Reward Teaching for Federated Multi-armed Bandits

Most of the existing federated multi-armed bandits (FMAB) designs are based on the presumption that clients will implement the specified design to collaborate with the server. In reality, however, it may not be possible to modify the clients' existing protocols. To address this challenge, this work focuses on clients who always maximize their individual cumulative rewards, and introduces a novel idea of ``reward teaching'', where the server guides the clients towards global optimality through implicit local reward adjustments. Under this framework, the server faces two tightly coupled tasks of bandit learning and target teaching, whose combination is non-trivial and challenging. A phased approach, called Teaching-After-Learning (TAL), is first designed to encourage and discourage clients' explorations separately. General performance analyses of TAL are established when the clients' strategies satisfy certain mild requirements. With novel technical approaches developed to analyze the warm-start behaviors of bandit algorithms, particularized guarantees of TAL with clients running UCB or epsilon-greedy strategies are then obtained. These results demonstrate that TAL achieves logarithmic regrets while only incurring logarithmic adjustment costs, which is order-optimal w.r.t. a natural lower bound. As a further extension, the Teaching-While-Learning (TWL) algorithm is developed with the idea of successive arm elimination to break the non-adaptive phase separation in TAL. Rigorous analyses demonstrate that when facing clients with UCB1, TWL outperforms TAL in terms of the dependencies on sub-optimality gaps thanks to its adaptive design. Experimental results demonstrate the effectiveness and generality of the proposed algorithms.

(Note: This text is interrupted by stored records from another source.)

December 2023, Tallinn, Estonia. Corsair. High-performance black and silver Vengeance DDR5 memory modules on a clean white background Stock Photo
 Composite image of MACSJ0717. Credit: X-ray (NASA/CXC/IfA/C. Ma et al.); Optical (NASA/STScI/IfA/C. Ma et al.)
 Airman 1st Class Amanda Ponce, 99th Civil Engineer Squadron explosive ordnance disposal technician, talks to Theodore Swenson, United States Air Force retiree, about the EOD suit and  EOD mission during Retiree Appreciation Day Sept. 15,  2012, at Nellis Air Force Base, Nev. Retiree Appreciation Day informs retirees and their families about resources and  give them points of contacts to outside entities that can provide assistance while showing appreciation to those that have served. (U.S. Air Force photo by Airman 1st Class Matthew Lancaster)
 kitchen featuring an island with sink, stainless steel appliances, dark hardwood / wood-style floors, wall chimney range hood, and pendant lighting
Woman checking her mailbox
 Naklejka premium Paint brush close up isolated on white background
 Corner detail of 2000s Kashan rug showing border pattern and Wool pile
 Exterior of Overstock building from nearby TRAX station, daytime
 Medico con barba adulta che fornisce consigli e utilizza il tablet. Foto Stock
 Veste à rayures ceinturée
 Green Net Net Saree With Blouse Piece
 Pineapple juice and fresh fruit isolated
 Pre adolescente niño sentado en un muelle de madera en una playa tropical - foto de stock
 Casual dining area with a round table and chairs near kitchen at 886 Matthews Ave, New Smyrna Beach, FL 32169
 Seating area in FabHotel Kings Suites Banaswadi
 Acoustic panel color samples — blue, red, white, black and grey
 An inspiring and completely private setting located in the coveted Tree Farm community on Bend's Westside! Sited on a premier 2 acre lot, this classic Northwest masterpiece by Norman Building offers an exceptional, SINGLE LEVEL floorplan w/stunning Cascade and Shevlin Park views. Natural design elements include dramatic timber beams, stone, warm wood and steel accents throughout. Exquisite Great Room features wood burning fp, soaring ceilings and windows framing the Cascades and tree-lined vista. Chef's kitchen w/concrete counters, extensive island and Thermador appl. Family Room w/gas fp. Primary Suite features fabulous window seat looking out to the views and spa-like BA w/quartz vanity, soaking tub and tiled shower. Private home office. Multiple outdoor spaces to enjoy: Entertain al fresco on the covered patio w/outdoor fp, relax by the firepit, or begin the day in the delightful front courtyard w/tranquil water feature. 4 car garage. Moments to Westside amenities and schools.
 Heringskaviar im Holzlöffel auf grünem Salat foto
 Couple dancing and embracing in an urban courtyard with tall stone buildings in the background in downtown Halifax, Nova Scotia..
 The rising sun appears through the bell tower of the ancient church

翻译：现有联邦多臂赌博机(FMAB)设计大多基于客户端将执行特定设计与服务器协作的假设。然而现实中，修改客户端现有协议往往不可行。为应对这一挑战，本文聚焦于始终追求个体累积奖励最大化的客户端，并提出"奖励教学"这一创新理念——服务器通过隐式局部奖励调整引导客户端实现全局最优性。在该框架下，服务器面临赌博机学习与目标教学这两个紧密耦合的任务，其组合具有显著非平凡性和挑战性。本文首先设计了一种分阶段方法"先学后教"(TAL)，分别促进和抑制客户端的探索行为。当客户端策略满足某些温和条件时，建立了TAL的通用性能分析框架。通过开发分析赌博机算法热启动行为的新技术手段，进一步获得了客户端采用UCB或ε-贪婪策略时TAL的特定性能保障。结果表明，TAL在实现对数级遗憾的同时仅产生对数级调整代价，这相对于自然下界达到了阶数最优性。作为扩展，本文基于逐轮臂淘汰思想提出"边学边教"(TWL)算法，突破了TAL中非自适应的阶段分离限制。严格分析证明，面对采用UCB1策略的客户端时，TWL凭借其自适应设计在次优间隙的依赖性方面优于TAL。实验结果验证了所提算法的有效性与普适性。